I have been covering these meetings since 1962, and there have been many memorable moments. At that session, in Hershey, Pa., Nelson Rockefeller of New York threw a civil rights resolution on the table -- just to watch the Democrats fight among themselves -- and Ernest F. "Fritz" Hollings of South Carolina responded by launching the first and only filibuster I've ever witnessed at these sessions.
Back when governors took themselves less seriously than they do now, they put the whole conference aboard the S.S. Independence in 1967 and sailed it from New York to the Virgin Islands and back. In 1975, when Louisiana's Edwin Edwards hosted the conference in New Orleans, the oil and gas industry,
on the last night, loaded up several fake paddle-wheel steamboats with more clams and oysters and booze than I've ever seen -- and people got seriously wasted.
This year was no match for that, but for four hours on Saturday, in the new home of the Philadelphia Orchestra, historian Richard Norton Smith and journalist Cokie Roberts led the governors in a discussion that was the best I've ever heard from them.
I like listening to governors because they live in the real world. They are close to their constituents and, unlike members of Congress, they have to balance their budgets and make hard choices. They have less time or tolerance for political games. All of that -- and more -- was on display in Saturday's dialogue.

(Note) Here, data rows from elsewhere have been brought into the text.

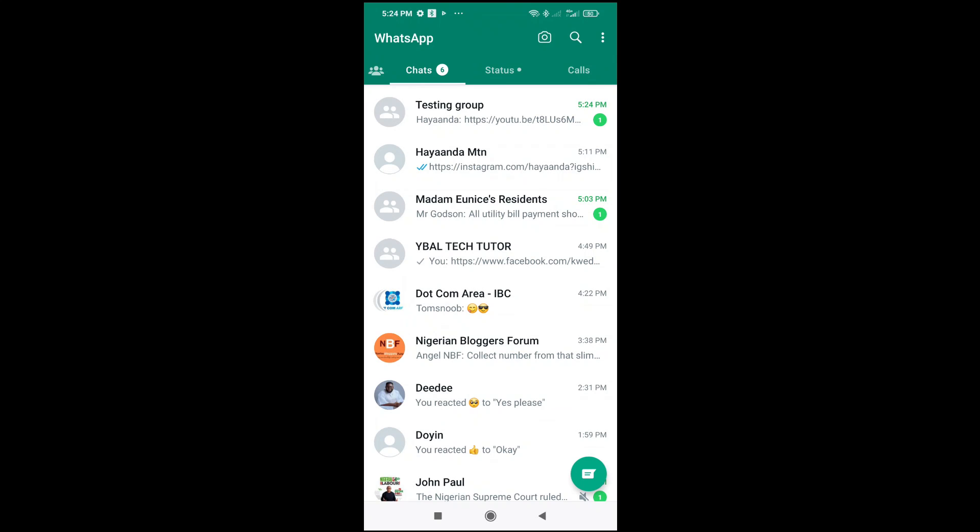Good day everyone. In this video today, I will show you how to open a YouTube link in the YouTube app from WhatsApp. To do this, open your WhatsApp, then go to the contact or group where you have the YouTube link.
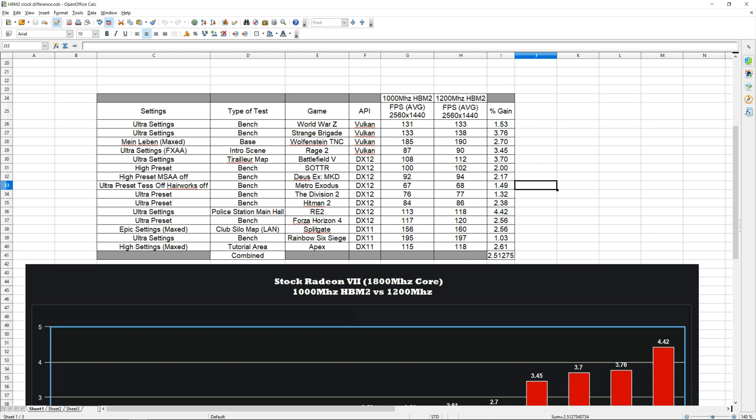So overclocking the memory is definitely something I would recommend regardless of what you do with your card. It hardly increases your power consumption at all, and as you guys can see it gives you a pretty nice boost in performance.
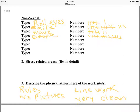Number two on the research log: stress-related areas. Please note anything that is stressful. Maybe it's a certain rush hour time of day, or somebody walks in the room and all of a sudden everyone gets quiet. What looks stressful in that job? Number three: describe the physical atmosphere of the work site. What does it physically look like? Are there rules? No pictures on the wall? Is it clean? Are there pictures? Is it comfortable, cozy, or dirty? Describe the physical atmosphere — look around.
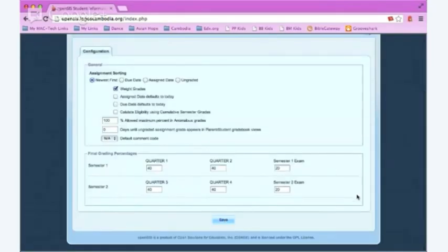Now you can see that red total not 100 is gone. You're all set up for your final grading percentages.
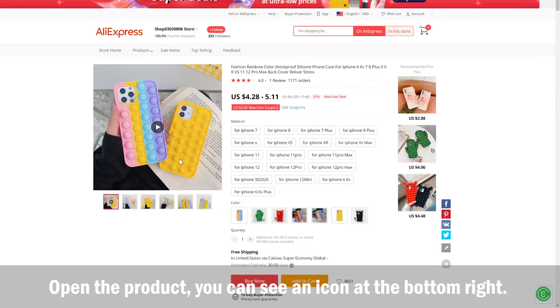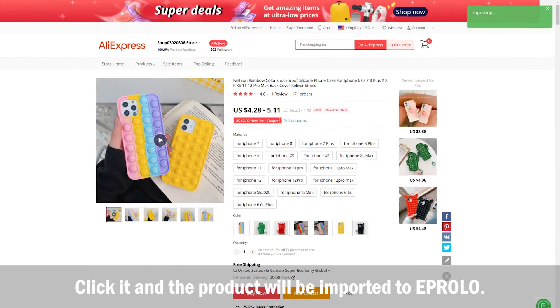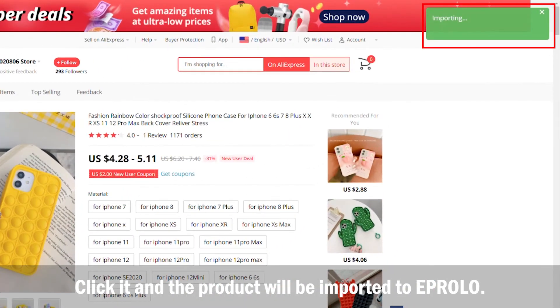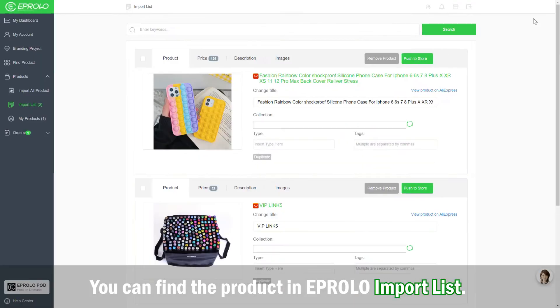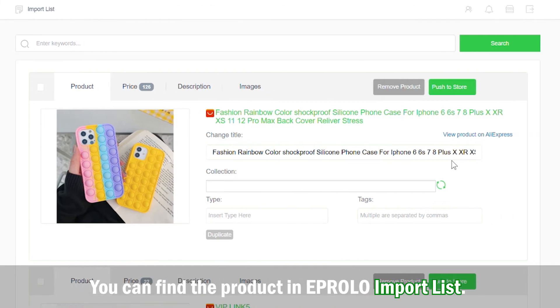Open the product. You can see an icon at the bottom right. Click it and the product will be imported to eProlo. You can find the product in the eProlo import list.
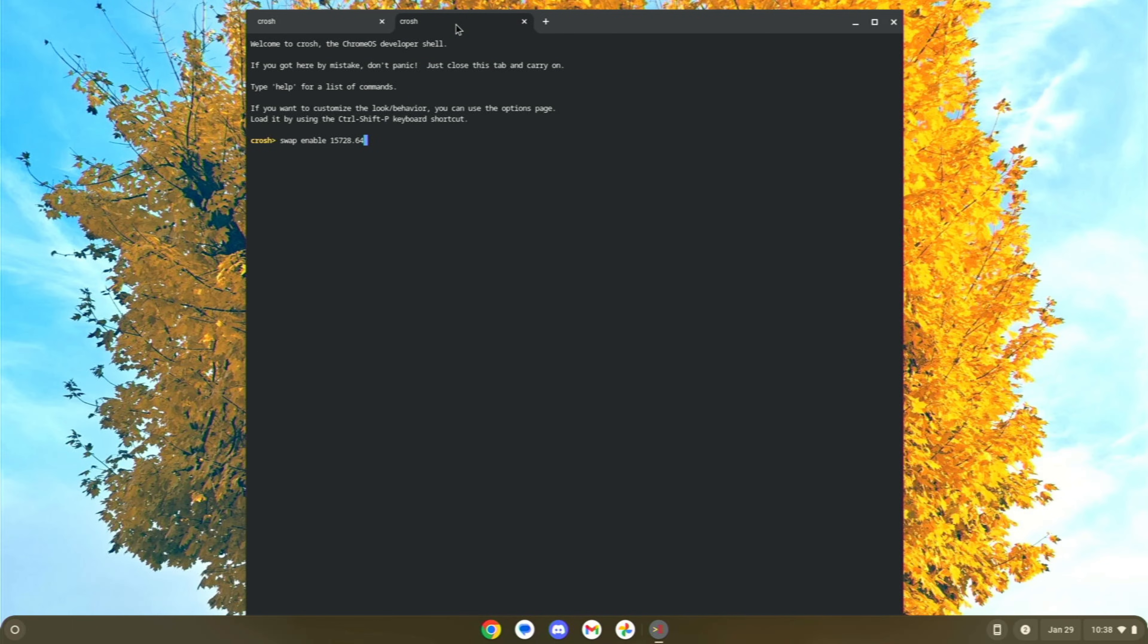Or swap, disable, to just shut that thing off completely. If that's the way it was, I doubt that it was, but if it was, swap, disable, will disable it.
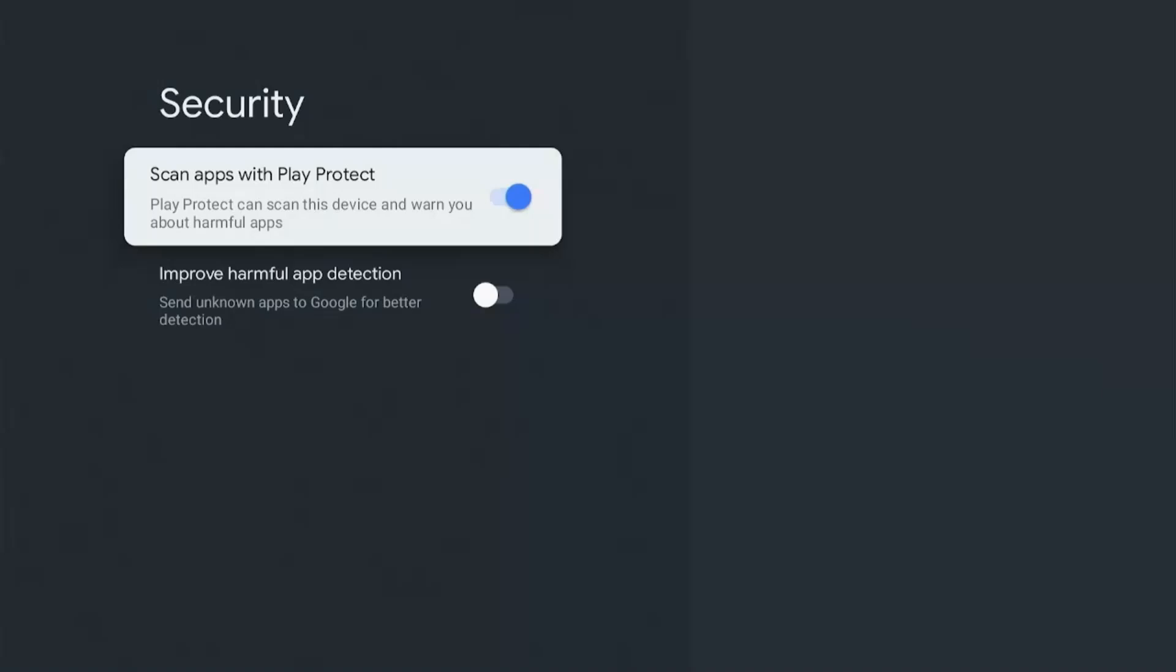Another thing is, if you install a third-party app other than the Google Play Store, then this will keep reminding you with pop-ups that the app is harmful, which is pretty annoying actually. So I usually turn both of these settings off. If you've got similar reservations like mine, then you can turn them off as well.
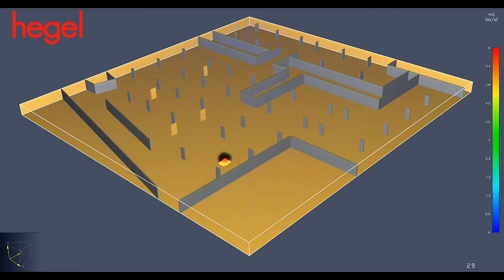Fire modeling is used primarily to predict the spread of smoke and heat from fires. Computational Fluid Dynamics creates fire models that can, when expertly used, be great design and safety tools.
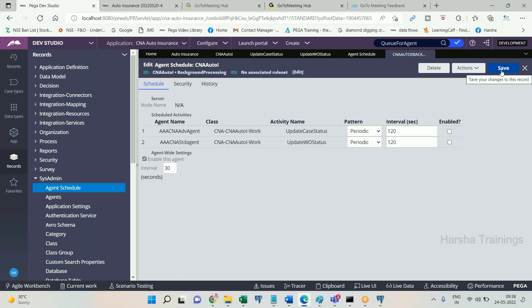If four items are in the queue, all four agents wake up and each picks one item, processing them in parallel. For example, if processing one item takes one minute, a standard agent on four servers processes four items in one minute instead of four minutes. To process 120 items it would take 120 divided by 4 — 30 minutes. This is how we achieve parallel background processing using a standard agent on a multi-node environment.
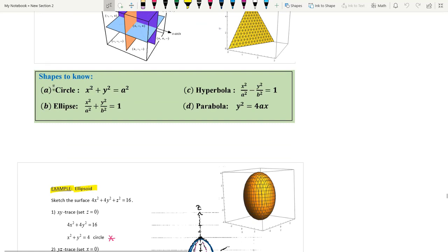Now you need to remember some shapes: the equation of a circle is x squared plus y squared equal to a squared, centered at (0, 0) with radius a. The equation of an ellipse has a positive sign, while a hyperbola has a negative sign. This is the equation of a parabola.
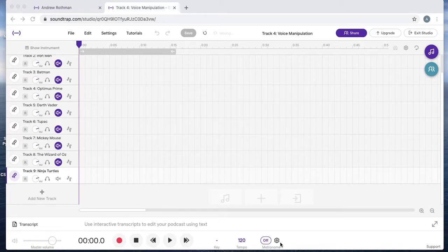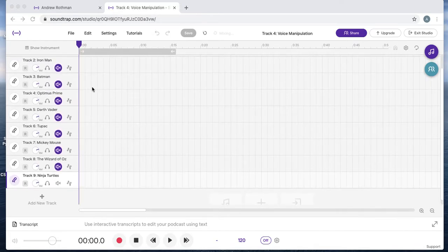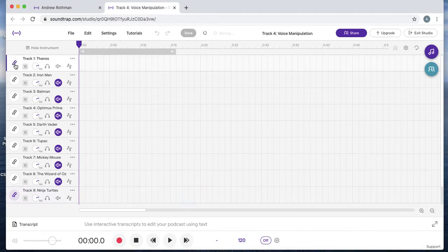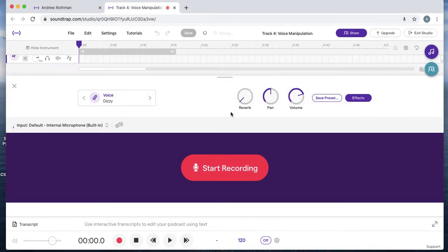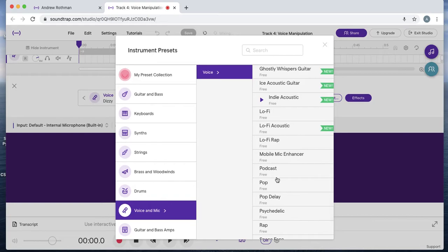I'm going to show you some voice manipulation tools in Soundtrap. This is the voice and mic presets — one that you want to set before you start recording any tracks. The way you do it is you click the microphone here and then you click again here, and it gives you voice and mic with all these potential presets.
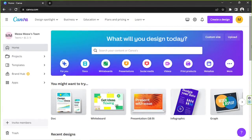Hello everyone, thank you for tuning in to our channel today. Today's video request is how to use Canva to create infographics, so let's get started. Here on our home page we're going to go to the search bar.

It began on a high note when Smith asked them to reflect on the concept of states' rights. Linwood Holton of Virginia, who a generation ago sent his young children to what had been an all-black school in Richmond, said, "For 100 years, states' rights was used as a shield against the Constitution -- a code word for white supremacy. When I was governor, I had the opportunity to say, after all these years, Virginia is part of this Republic. And, with Doug Wilder, we became the first state to elect an African American governor."